= Beginning of Section =
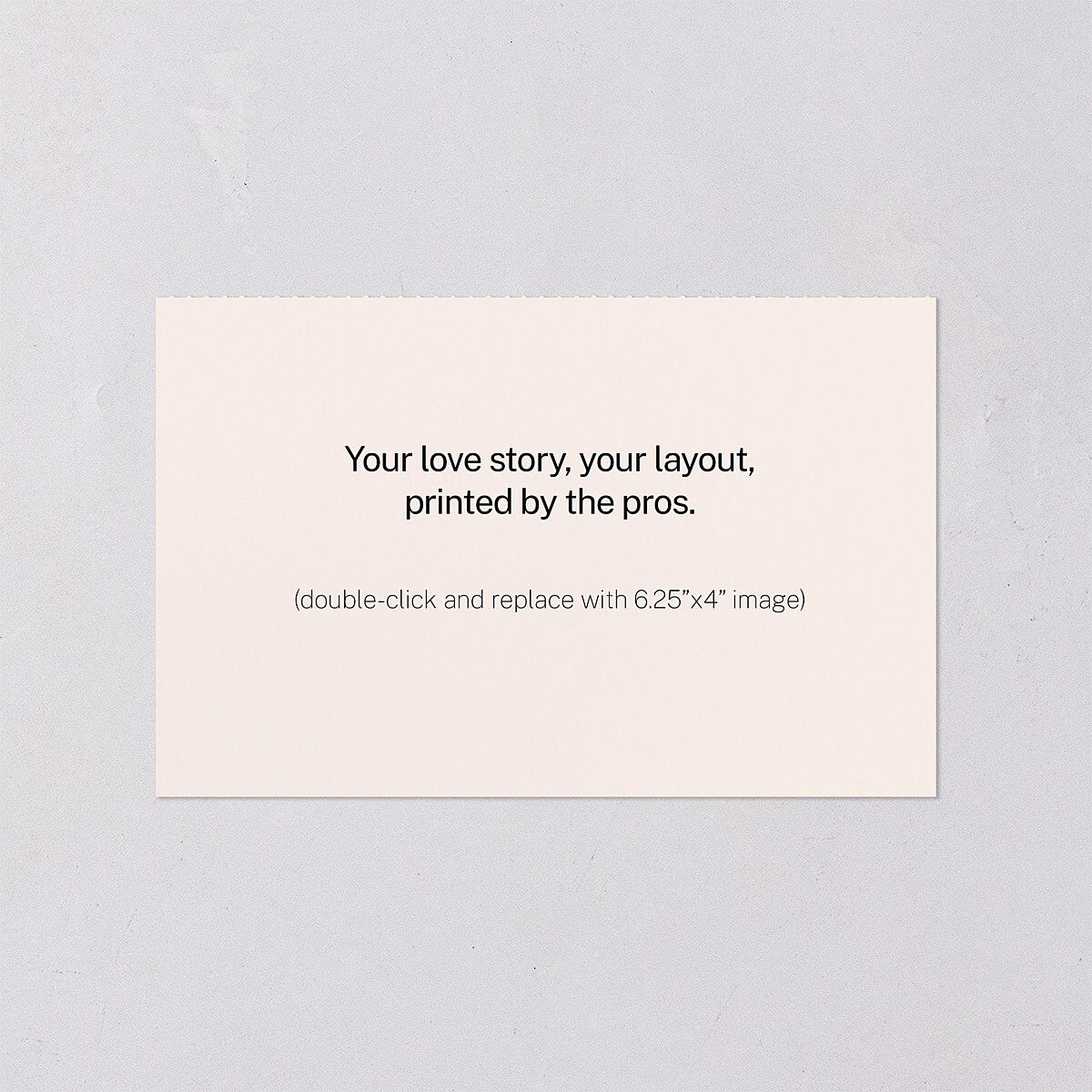 Upload Your Own Design Portrait Photo All-in-One Wedding Invitations Pure White Signature Light Both Recipient and Return Addresses No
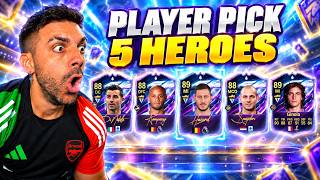 ABRO PLAYER PICK 5 HEROES HOLOGRÁFICOS Y PRIMERA RONDA DE SOBRES DE FC 27 !!  DjMaRiiO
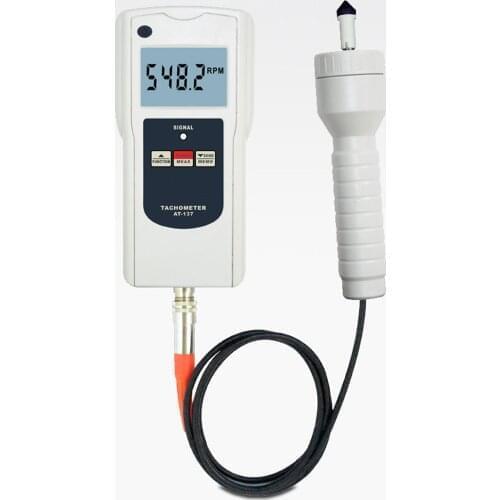 Digital Portable AT-137PC High Resolution Multifunction Intelligent Tachometer Easy to Use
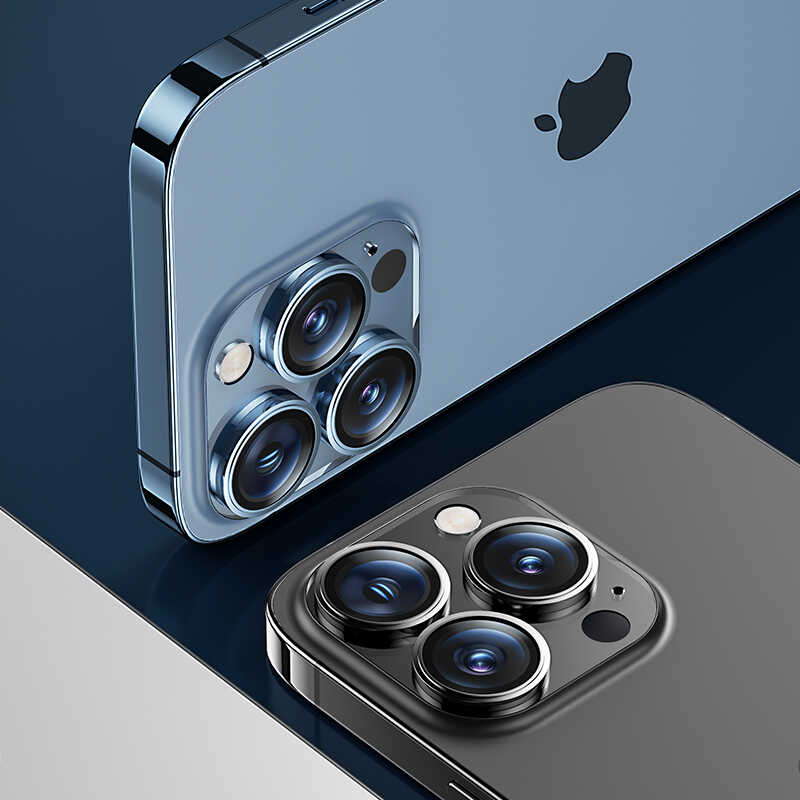 Apple iPhone 13 Pro Benks King Kong Kamera Lens Koruyucu Siyah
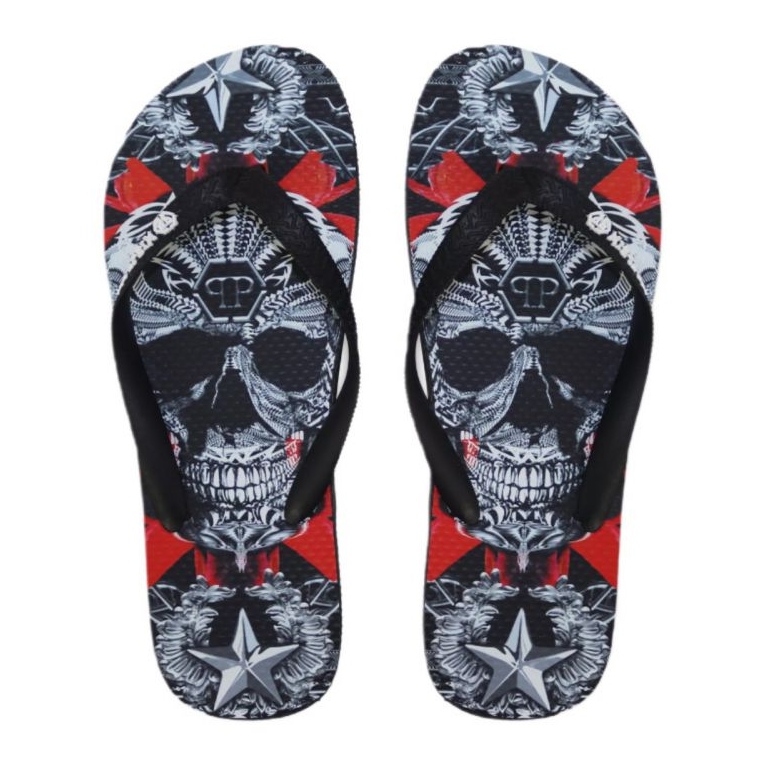Pliant Infradito da uomo Philipp Plein IMPS900 nero 2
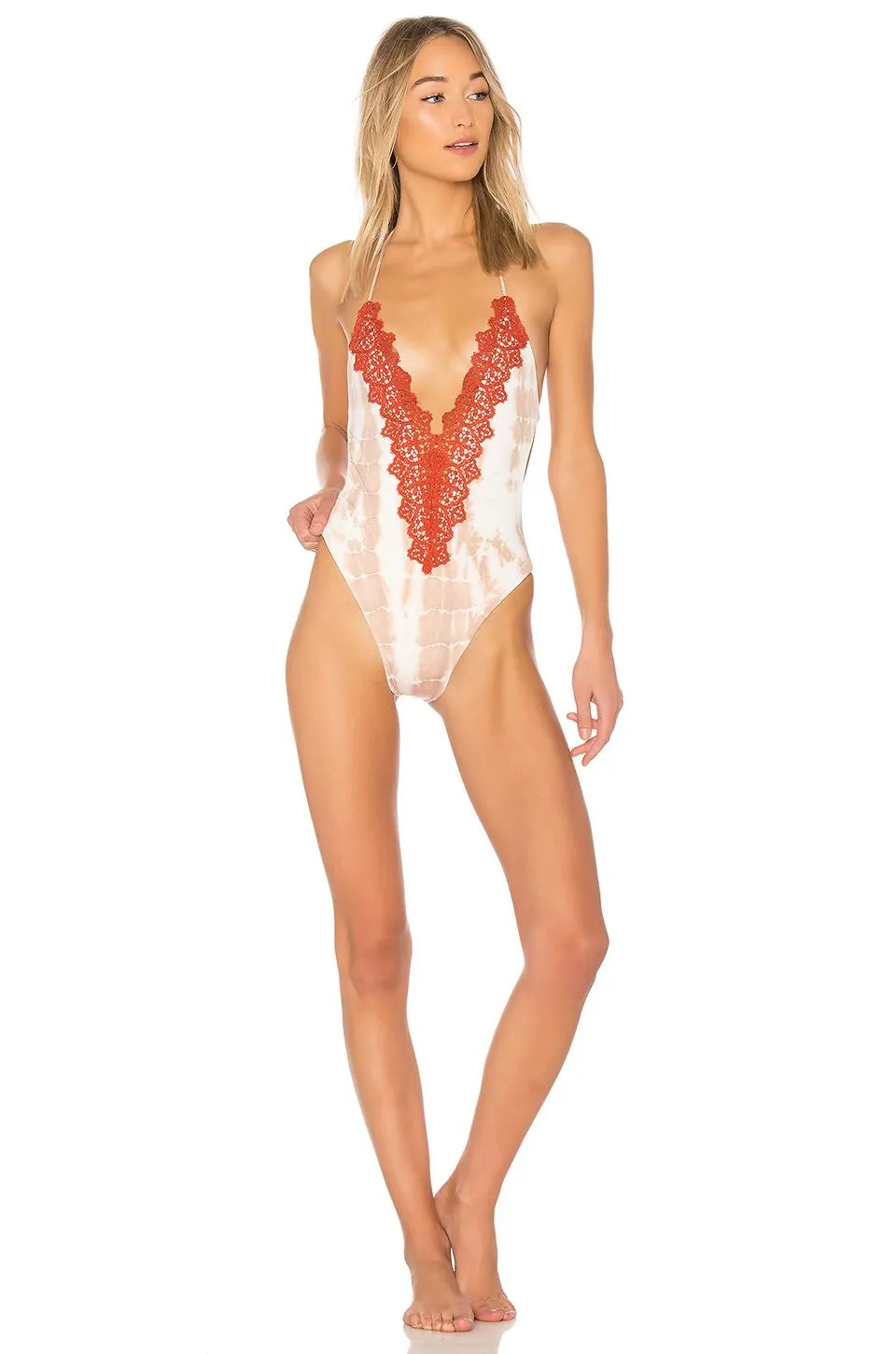 Blue Life Mirage Halter One Piece Desert Sands Tie Dye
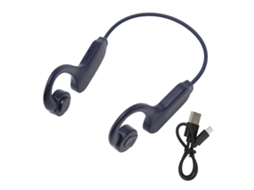 Fones De Ouvido De Condução Óssea Bluetooth 5.3 Com Display Digital Led Ipx5 À Prova Dágua Fones De Ouvido Sem Fio Para Esportes, Azul Ly Ebike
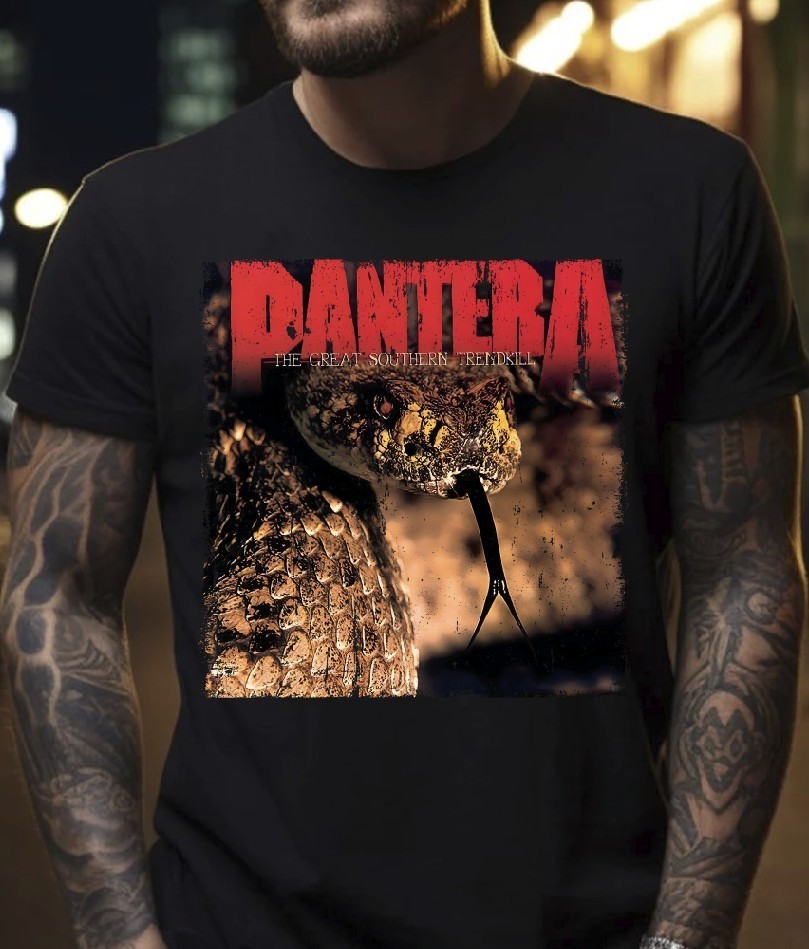 1Pantera The Great Southern Trendkill Black T-Shirt, S-5XL gallery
= End of Section =
** ACTIVITY **
The response should restate the material above word for word and contain no pictures.

** EXPECTED ANSWER **
 Upload Your Own Design Portrait Photo All-in-One Wedding Invitations Pure White Signature Light Both Recipient and Return Addresses No
 ABRO PLAYER PICK 5 HEROES HOLOGRÁFICOS Y PRIMERA RONDA DE SOBRES DE FC 27 !!  DjMaRiiO
 Digital Portable AT-137PC High Resolution Multifunction Intelligent Tachometer Easy to Use
 Apple iPhone 13 Pro Benks King Kong Kamera Lens Koruyucu Siyah
Pliant Infradito da uomo Philipp Plein IMPS900 nero 2
 Blue Life Mirage Halter One Piece Desert Sands Tie Dye
 Fones De Ouvido De Condução Óssea Bluetooth 5.3 Com Display Digital Led Ipx5 À Prova Dágua Fones De Ouvido Sem Fio Para Esportes, Azul Ly Ebike
 1Pantera The Great Southern Trendkill Black T-Shirt, S-5XL gallery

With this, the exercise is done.